[Opening The data section]

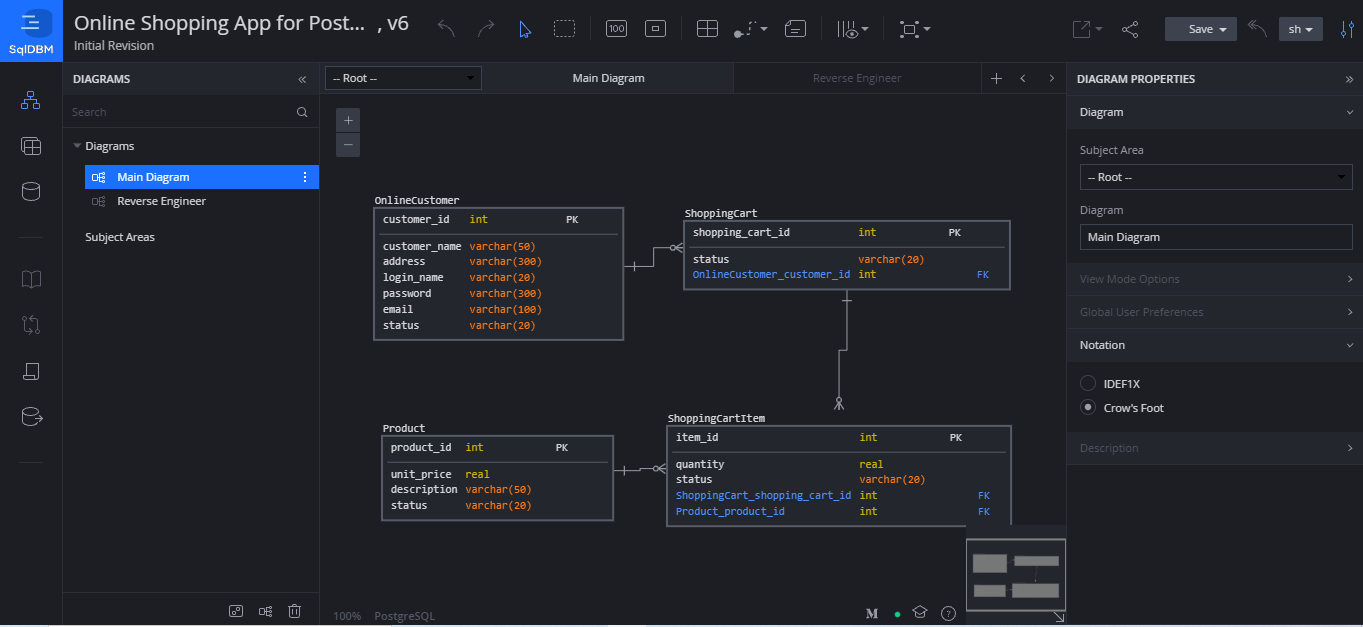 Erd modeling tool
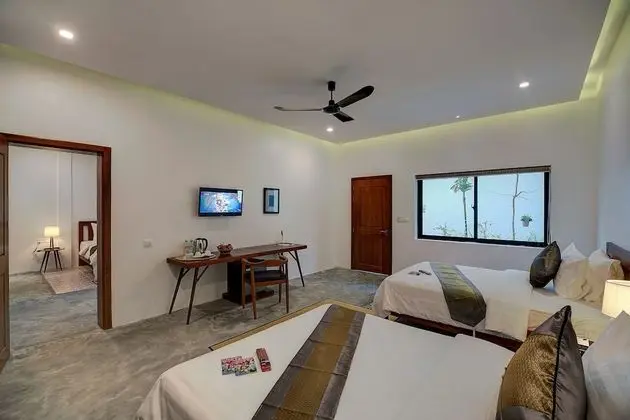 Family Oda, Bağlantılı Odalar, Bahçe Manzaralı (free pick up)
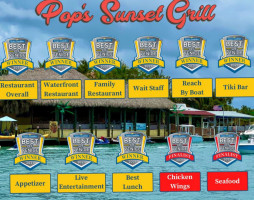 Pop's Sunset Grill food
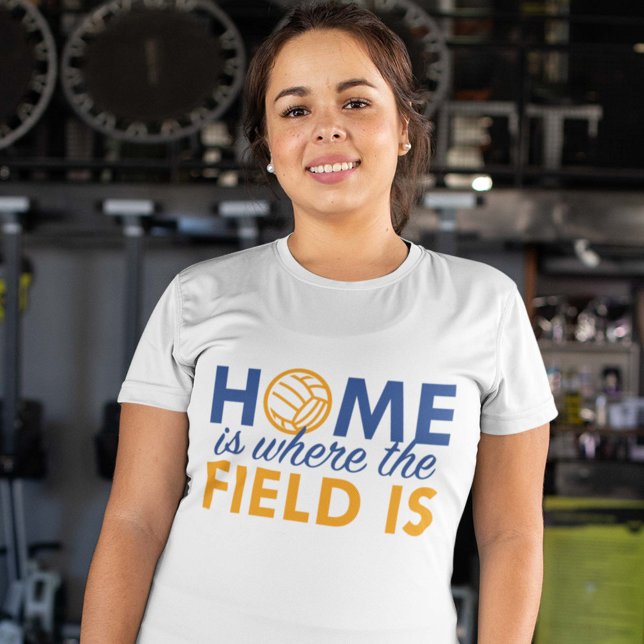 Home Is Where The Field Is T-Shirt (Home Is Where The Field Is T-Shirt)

[Closing The data section]

The whole listing above needs to be copied exactly; please keep the pictures out.

 Erd modeling tool
 Family Oda, Bağlantılı Odalar, Bahçe Manzaralı (free pick up)
 Pop's Sunset Grill food
 Home Is Where The Field Is T-Shirt (Home Is Where The Field Is T-Shirt)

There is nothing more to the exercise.